Today officially marks the 8th year of marriage for me and Craig. We celebrated this morning by Craig staying home working on the computer and watching the girls while I ran to the store, Blockbuster, and the post office (20 minute wait there just to get stamps…).
Last week when we took notice of the fact that our anniversary was approaching, I said, “Hey – how about for our anniversary this year, you go to Glen Eyrie and play the part of the Bard in the Christmas Revels. I’ll stay home with the girls and host a Christmas party for my book club. Sound good?” Anniversaries don’t respect time and seasons of life very well. I guess that’s our fault for getting married in December.
Now to be perfectly fair, yesterday Craig asked if I’d like to go out for breakfast this morning.
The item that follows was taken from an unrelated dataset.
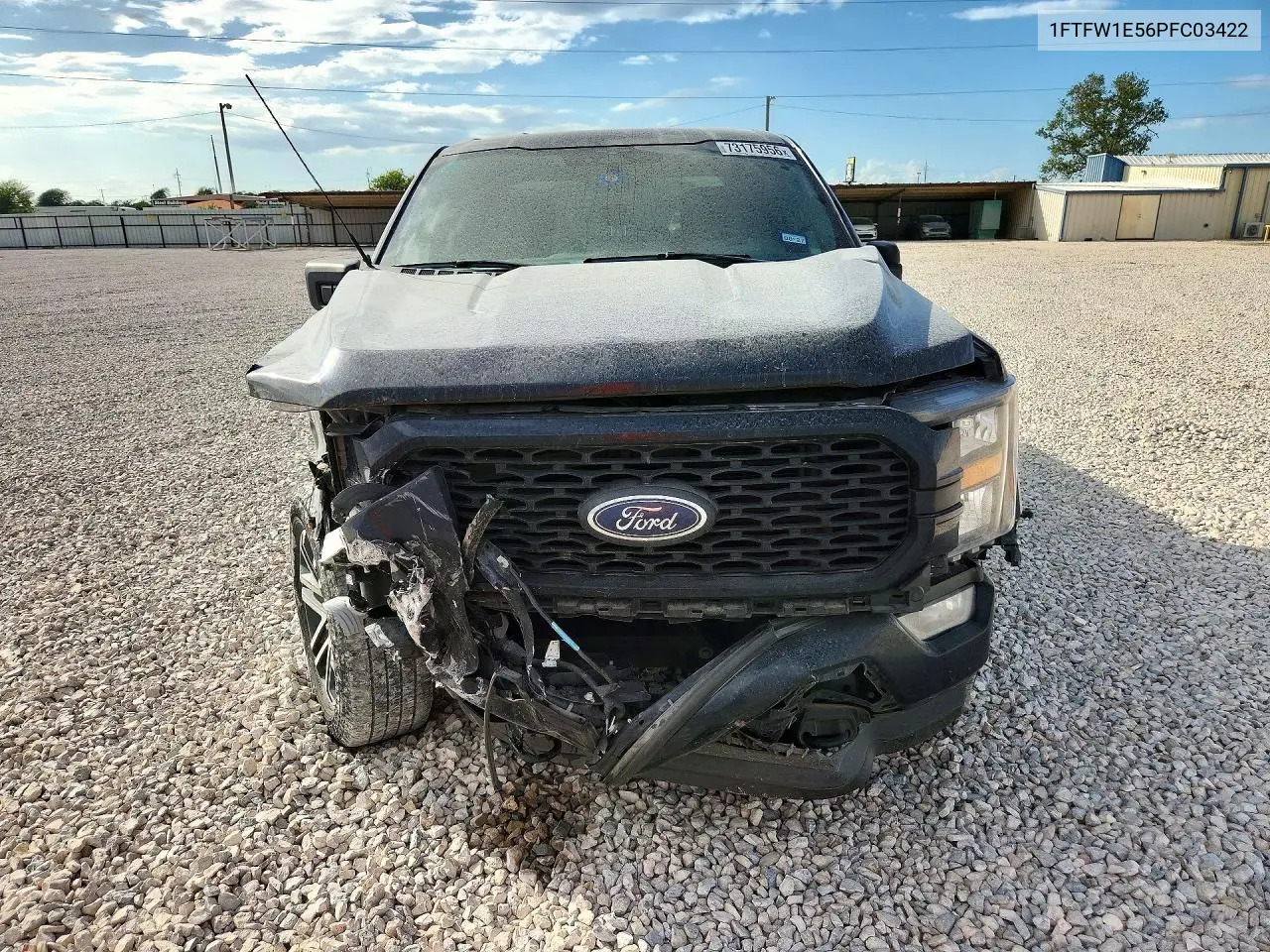 2023 FORD F-150 VIN 1FTFW1E56PFC03422 — фото 5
He offered to try to find a babysitter and really do something in commemoration of the day and I said, “That’s okay, we don’t need to do anything.”
He then said, “Well, do you want to do anything at all tomorrow?” My reply? “How about you bring home some nuggets after the Revels tomorrow night and we can have a late dinner and watch a movie.”
Yep, I am definitely a cheap date.
My attitude towards this is so different from our first anniversary. We were in Illinois at the time while Craig and the rest of the Red Letter Edition band worked on an album. He asked if I wanted to spend an evening aboard a dinner cruise ship on Lake Michigan. Normally, this would sound pretty fabulous, but we had just spent the previous two weeks with his album producer and co. (we were living with them too) and these same people sang for the cruise ship. The way we were going to be able to go would be to go with them. I wasn’t exactly that excited about spending our anniversary with this particular group of folks, especially after just having spent so much time with them. Instead, I wanted to go to a hotel for the weekend and just be alone. So we did.
I don’t think we’ve really “celebrated”, so to speak, in a formal way ever. The first couple of years we were married this was a surprise to me, as was the fact that Craig didn’t enjoy celebrating holidays or events of any kind. Wait, “didn’t enjoy” is putting it mildly.
So now, 8 years later, I have learned not to expect anything and actually be okay with that. About a year ago I started joking that Craig “cured” me of my love language. I don’t know about that. Perhaps he just showed me what it really is.
Anyway, also in defense of Craig’s views on celebrating, within a 30 day span of the year we have Thanksgiving, my birthday, our anniversary, Christmas, and Maddie’s birthday. That’s a whole lot of potential expectation floating around. My present to Craig every year is to let go of that expectation. And mean it.
I did buy a present for Craig though. I probably would have bought it anyway and made up an excuse to give it to him. I actually bought it for Christmas, but it came yesterday and I couldn’t help myself. I told him I had a present for him and he hates that (not the present, necessarily, but the fact that I tell him I have one). He can’t stand knowing there’s a surprise somewhere for him. So I said, “Well, I guess I could give it to you for our anniversary.” That sounded pretty good to him, so I gave it to him last night. He loved it.
So thanks, Crazy. For 8 years of, no, not “bliss”, but of real life and real love. Thanks for 8 years of living out the Velveteen Rabbit.